All this talk of “soul” and “spirit” might lead us to think that spiritual direction deals only with a small corner or compartment of our lives. That is, we would go to a spiritual director to care for our souls the way we might go to an ophthalmologist to care for our eyes. Such an approach is false. Spiritual direction is concerned with the whole person and the interrelationship of all of life. Spiritual direction, like our spiritual formation, applies to the sum total of our lives. If we do not seek it in all of our affairs, we might as well not seek it. For we are all on a journey, and every day we make choices that determine the destiny of our journey. The purpose of a spiritual director is to assist us in recognizing our blind-spots and weaknesses; to assist us in our growth and pursuit of the Living God.

So how does one find a spiritual mentor? As with all other things in this world, one should begin with prayer. We state our need before our Creator and wait patiently for Him to make the arrangements. Yet we must make a few arrangements on our own.

1. We must be willing to believe that we can learn from our brothers and sisters. “If you cannot listen to your brother, you cannot listen to the Holy Spirit” (Vogt in Foster, 187). 2. We must understand that others are more spiritually mature than we are. They have gone “further into the divine Center” than we have. 3. We must understand that there are many forms of spiritual direction: a. Preaching b. Small group ministry c. Study and memorization of the Word d. Accountability/Discipleship groups, etc. e.
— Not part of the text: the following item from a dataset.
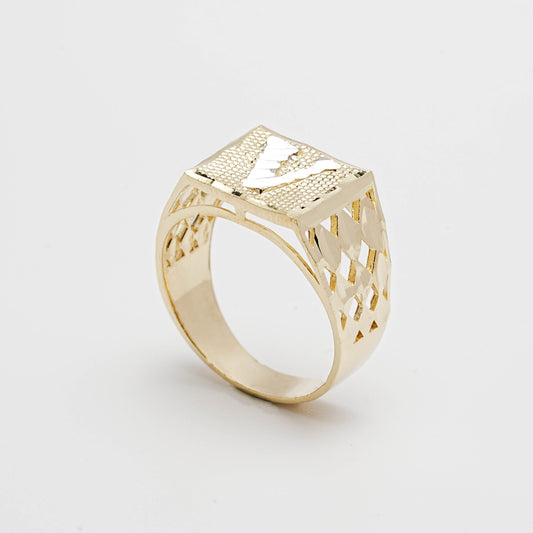 10K Two-Tone Initial V Ring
Meeting weekly for coffee and prayer There are a few dangers in corporate guidance that need to be mentioned. The most destructive danger is manipulation and control by leaders. “If corporate guidance is not handled within the larger contest of an all-pervasive grace, it degenerates into an effective way to straighten out deviant behavior” (Foster, 187).

Matthew 12:20 points out the gentle nature of Jesus in dealing with others, “A bruised reed he will not break, and a smoldering wick he will not snuff out, till he leads justice to victory.” It was not his way to be manipulative or controlling. If we are to imitate Him, we too must show compassion and tenderness to others.
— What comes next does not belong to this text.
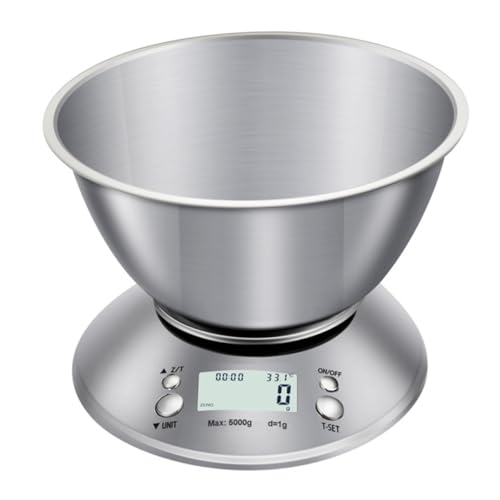 SOLUSTRE Digitale Haushalts küchenwaage Edelstahl mit Lcd display und Messschüssel Energieeffizient ohne Batterie Genau für Lebensmittel Backen und Kalorienmessung SOLUSTRE Digitale Haushalts küchenwaage Edelstahl mit Lcd display und Messschüssel Energieeffizient ohne Batterie Genau für Lebensmittel Backen und Kalorienmessung von SOLUSTRE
There is also danger in becoming “a hard-hearted and stiff-necked people to hinder Spiritinspired leaders” (ibid, 188). It is true that leaders need to be held accountable by those they lead, they still need the freedom to lead.

If God has called them to lead, they should not have to bring every detail of life to the community. We must never be seduced by Western democratic ideals into believing that every person must have an equal say about every triviality in the community’s life. We must always make sure that corporate guidance is married to Scripture. God’s Word must penetrate all of our thinking and decision making. God’s Spirit will NEVER go against or be in opposition to the written Word.

Yet we must remember that corporate guidance is:

. . .limited by out finitude. We are fallible human beings and there are times when, despite our best efforts, our own prejudices and fears keep us from a Spirit-led unity. Sometimes we simply see things differently. Paul and Barnabas, for example could not agree on whether to take John Mark with them on their second missionary journey. Luke says ‘a sharp contention’ developed between them (Acts 15:39). We should not be surprised if we have the same experiences in our ministry efforts (ibid, 188). Foster points out than when (not if) these times occur “that we be kind to each other” (ibid, 189). For we can know one thing for sure:

The aim of God in history is the creation of an all-inclusive community of loving persons, with Himself included in that community as its prime sustainer and most glorious inhabitant (Willard in Foster, 189). We cannot become this community without God’s love and guidance, and we cannot maintain this community unless we love as Christ loved the church.